* Try it
Collect from the data below each line with "Group".

*** Opening Dataset extract ***

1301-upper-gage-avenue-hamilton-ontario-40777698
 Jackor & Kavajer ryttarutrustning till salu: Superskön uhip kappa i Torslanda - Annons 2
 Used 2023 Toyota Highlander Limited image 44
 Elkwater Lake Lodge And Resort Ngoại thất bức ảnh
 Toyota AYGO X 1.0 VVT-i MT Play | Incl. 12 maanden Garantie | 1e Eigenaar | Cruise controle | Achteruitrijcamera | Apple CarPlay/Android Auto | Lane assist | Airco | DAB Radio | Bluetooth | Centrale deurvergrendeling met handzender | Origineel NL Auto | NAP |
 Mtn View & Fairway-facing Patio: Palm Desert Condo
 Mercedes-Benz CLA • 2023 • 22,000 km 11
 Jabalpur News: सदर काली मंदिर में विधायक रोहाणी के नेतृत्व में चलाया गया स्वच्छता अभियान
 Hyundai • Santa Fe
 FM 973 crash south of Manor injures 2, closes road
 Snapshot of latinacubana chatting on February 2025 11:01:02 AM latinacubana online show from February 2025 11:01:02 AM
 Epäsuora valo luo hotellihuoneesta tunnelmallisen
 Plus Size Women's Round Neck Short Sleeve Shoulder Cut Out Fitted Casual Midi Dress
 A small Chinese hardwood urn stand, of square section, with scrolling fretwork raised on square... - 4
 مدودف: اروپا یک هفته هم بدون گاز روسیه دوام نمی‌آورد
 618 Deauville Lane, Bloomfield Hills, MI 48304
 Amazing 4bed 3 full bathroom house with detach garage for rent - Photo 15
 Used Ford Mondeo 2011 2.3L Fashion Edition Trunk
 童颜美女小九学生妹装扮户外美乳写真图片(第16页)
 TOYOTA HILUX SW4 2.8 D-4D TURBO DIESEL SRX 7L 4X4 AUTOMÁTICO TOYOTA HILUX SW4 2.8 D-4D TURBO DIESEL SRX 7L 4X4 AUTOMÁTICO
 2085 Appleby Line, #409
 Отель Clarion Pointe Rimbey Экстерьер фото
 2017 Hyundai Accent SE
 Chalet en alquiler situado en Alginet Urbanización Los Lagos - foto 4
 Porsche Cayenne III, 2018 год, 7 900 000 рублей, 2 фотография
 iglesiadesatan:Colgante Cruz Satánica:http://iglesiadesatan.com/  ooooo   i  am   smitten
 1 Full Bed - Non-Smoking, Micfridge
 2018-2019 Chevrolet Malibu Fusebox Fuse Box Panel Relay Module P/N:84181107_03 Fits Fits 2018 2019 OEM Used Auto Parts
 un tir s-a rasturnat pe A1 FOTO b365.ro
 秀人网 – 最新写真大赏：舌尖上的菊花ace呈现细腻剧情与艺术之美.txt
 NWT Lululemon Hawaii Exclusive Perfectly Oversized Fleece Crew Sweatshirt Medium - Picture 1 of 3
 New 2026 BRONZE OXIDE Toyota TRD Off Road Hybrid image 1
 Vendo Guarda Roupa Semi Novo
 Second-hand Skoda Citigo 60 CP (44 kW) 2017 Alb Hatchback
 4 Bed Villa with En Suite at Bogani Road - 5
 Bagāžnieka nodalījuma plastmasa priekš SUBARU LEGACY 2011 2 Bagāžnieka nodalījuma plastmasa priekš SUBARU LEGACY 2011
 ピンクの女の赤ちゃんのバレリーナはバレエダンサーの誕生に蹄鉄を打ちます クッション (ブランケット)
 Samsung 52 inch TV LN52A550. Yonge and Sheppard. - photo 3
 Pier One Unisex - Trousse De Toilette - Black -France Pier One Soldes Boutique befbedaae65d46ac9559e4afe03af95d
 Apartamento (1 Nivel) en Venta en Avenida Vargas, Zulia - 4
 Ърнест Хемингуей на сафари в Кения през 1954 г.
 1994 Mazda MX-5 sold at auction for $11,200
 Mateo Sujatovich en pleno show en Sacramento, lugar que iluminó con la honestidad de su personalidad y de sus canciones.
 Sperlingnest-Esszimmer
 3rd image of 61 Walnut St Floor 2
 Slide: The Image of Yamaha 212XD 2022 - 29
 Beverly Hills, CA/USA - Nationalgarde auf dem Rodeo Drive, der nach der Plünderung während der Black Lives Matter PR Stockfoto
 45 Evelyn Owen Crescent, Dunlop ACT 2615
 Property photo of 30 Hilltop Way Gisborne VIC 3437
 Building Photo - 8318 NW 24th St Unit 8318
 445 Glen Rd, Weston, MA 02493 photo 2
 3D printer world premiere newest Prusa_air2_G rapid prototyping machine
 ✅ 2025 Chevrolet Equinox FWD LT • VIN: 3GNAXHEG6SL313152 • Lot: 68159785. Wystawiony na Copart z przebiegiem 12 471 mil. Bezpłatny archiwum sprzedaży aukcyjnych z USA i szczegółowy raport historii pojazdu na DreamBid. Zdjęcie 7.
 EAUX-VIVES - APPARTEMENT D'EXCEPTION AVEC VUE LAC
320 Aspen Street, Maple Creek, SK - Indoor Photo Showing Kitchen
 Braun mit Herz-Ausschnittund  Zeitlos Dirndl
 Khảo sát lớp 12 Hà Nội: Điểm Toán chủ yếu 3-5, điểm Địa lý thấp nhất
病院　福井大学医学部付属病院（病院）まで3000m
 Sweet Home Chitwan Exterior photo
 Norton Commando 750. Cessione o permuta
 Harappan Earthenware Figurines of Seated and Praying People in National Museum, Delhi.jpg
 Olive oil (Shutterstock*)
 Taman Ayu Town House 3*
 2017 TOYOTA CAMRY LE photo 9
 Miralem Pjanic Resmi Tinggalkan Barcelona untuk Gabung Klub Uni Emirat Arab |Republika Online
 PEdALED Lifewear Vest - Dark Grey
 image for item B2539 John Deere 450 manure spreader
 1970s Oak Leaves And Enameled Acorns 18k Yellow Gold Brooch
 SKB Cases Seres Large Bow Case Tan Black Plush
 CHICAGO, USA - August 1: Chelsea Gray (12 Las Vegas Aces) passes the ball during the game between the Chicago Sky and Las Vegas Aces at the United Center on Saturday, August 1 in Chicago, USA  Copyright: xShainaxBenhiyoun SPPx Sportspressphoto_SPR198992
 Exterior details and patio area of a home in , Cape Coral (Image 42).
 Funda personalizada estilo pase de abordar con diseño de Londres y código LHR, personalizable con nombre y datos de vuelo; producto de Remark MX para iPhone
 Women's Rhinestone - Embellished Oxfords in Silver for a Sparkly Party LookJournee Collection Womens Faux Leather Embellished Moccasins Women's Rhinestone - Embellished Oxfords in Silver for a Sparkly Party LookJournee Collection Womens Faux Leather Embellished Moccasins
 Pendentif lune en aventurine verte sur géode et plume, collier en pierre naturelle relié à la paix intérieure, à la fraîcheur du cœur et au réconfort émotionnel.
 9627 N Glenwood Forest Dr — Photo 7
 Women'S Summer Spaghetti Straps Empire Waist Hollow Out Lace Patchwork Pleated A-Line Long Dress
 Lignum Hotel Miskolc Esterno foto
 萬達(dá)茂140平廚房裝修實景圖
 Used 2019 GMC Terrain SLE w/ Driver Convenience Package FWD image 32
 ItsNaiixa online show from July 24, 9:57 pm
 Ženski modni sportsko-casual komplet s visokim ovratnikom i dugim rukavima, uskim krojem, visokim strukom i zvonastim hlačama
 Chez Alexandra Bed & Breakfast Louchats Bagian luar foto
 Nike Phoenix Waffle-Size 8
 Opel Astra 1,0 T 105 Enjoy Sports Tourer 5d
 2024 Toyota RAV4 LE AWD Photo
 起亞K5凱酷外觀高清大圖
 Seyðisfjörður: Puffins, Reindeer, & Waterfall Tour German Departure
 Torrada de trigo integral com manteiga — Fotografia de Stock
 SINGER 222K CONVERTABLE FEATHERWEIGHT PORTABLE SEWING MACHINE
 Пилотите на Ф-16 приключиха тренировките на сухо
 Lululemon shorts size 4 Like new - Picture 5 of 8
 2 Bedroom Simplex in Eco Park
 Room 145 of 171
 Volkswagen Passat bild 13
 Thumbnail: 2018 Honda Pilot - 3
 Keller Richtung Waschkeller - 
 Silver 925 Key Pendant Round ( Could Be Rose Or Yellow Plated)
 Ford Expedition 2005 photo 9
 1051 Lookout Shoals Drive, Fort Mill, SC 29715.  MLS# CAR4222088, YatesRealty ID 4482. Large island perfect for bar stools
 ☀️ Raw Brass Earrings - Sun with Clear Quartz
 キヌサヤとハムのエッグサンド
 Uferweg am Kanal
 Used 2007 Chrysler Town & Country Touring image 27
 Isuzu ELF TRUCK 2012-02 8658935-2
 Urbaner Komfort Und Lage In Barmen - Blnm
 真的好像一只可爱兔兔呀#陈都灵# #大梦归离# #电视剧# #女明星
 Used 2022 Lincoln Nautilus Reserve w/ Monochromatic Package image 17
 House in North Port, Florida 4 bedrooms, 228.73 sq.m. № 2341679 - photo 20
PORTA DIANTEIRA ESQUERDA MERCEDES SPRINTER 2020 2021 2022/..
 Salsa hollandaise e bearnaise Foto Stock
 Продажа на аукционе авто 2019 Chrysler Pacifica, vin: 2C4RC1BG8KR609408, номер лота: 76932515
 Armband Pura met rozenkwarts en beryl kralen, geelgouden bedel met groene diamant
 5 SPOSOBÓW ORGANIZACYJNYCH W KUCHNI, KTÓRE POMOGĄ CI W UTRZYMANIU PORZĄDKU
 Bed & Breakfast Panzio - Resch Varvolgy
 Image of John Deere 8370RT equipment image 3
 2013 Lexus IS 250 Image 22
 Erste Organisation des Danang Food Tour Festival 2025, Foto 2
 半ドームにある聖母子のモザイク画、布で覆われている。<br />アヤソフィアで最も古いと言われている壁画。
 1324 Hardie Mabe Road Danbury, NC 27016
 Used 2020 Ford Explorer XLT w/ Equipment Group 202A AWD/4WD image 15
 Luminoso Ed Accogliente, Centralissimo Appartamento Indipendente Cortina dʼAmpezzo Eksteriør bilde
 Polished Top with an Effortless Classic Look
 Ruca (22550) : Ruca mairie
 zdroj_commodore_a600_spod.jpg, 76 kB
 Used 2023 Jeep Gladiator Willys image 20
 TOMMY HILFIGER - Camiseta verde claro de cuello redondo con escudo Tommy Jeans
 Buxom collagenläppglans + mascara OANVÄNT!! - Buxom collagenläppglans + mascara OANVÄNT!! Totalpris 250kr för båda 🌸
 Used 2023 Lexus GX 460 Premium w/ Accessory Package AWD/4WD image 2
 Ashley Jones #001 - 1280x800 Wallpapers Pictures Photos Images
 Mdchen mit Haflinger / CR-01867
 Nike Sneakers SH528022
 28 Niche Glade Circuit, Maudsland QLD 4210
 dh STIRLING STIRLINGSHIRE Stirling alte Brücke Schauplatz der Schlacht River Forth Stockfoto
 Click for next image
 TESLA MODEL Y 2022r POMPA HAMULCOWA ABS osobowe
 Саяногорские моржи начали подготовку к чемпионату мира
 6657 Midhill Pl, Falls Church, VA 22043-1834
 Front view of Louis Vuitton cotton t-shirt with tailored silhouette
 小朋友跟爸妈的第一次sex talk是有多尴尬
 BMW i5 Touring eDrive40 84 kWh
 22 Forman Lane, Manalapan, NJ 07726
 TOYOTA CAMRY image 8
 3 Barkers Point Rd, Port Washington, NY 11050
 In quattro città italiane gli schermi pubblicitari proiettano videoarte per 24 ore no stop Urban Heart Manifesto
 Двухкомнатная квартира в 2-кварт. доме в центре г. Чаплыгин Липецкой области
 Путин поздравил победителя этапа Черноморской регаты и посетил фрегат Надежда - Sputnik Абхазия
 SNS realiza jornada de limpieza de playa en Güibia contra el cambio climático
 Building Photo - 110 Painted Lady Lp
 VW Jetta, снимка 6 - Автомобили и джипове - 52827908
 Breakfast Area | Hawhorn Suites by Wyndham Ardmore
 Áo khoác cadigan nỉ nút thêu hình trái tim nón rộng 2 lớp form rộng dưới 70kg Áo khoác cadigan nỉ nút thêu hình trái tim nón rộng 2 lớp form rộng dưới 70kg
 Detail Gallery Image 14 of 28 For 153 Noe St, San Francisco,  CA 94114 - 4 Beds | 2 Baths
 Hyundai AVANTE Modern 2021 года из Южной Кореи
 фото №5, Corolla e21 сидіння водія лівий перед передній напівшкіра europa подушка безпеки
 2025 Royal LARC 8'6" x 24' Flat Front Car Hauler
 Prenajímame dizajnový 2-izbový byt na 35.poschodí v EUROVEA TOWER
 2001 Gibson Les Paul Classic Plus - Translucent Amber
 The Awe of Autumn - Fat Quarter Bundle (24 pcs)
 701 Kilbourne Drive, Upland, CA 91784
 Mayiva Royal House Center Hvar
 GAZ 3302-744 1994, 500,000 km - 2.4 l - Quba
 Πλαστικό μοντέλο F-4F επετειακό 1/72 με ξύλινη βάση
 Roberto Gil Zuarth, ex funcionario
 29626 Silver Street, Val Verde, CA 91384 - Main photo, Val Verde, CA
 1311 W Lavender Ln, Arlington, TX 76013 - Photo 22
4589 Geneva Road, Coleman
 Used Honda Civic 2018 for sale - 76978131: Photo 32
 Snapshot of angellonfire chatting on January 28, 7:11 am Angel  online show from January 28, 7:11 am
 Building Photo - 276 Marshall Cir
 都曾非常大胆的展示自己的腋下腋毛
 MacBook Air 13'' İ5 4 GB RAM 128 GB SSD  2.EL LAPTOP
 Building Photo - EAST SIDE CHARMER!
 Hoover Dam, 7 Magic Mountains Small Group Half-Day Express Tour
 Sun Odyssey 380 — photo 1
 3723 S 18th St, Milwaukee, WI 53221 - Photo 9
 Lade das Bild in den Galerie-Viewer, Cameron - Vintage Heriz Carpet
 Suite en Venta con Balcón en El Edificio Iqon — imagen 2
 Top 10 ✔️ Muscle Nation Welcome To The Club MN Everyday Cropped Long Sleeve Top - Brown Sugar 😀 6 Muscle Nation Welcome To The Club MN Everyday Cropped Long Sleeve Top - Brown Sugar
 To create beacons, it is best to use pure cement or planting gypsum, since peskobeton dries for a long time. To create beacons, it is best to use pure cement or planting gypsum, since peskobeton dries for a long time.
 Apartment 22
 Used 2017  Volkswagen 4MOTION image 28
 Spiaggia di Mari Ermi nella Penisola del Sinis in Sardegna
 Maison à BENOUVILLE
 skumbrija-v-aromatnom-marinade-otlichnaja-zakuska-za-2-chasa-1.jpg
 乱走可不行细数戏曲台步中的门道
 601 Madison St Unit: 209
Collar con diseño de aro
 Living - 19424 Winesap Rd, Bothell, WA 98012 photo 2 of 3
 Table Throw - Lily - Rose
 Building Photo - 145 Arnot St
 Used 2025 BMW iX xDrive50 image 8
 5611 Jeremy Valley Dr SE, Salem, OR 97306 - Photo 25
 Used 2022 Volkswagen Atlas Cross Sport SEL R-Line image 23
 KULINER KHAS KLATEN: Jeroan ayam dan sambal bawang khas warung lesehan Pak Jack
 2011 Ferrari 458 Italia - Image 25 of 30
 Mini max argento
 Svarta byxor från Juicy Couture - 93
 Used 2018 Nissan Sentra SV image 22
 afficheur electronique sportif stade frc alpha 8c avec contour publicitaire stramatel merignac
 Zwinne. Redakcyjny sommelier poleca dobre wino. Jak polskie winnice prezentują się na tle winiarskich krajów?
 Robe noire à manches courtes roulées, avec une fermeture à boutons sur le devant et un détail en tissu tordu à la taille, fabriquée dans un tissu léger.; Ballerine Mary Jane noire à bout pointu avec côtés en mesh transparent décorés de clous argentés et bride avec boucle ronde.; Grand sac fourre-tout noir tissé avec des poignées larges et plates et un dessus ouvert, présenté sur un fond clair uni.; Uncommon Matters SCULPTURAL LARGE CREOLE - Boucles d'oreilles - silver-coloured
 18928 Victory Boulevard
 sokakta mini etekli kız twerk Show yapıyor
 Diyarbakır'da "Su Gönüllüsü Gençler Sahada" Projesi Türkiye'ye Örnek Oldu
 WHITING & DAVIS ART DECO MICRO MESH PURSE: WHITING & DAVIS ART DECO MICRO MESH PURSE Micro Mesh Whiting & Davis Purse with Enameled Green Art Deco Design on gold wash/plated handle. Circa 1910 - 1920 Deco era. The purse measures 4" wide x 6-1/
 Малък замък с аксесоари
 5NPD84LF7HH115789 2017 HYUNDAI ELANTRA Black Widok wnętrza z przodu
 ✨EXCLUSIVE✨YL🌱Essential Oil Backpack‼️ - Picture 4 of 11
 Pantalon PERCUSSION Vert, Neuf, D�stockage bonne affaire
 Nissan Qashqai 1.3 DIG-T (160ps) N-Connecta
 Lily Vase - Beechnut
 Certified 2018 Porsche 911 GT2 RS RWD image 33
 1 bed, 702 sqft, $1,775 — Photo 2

*** Closing Dataset extract ***

* Solved problem
 Used 2020 Ford Explorer XLT w/ Equipment Group 202A AWD/4WD image 15
 Hoover Dam, 7 Magic Mountains Small Group Half-Day Express Tour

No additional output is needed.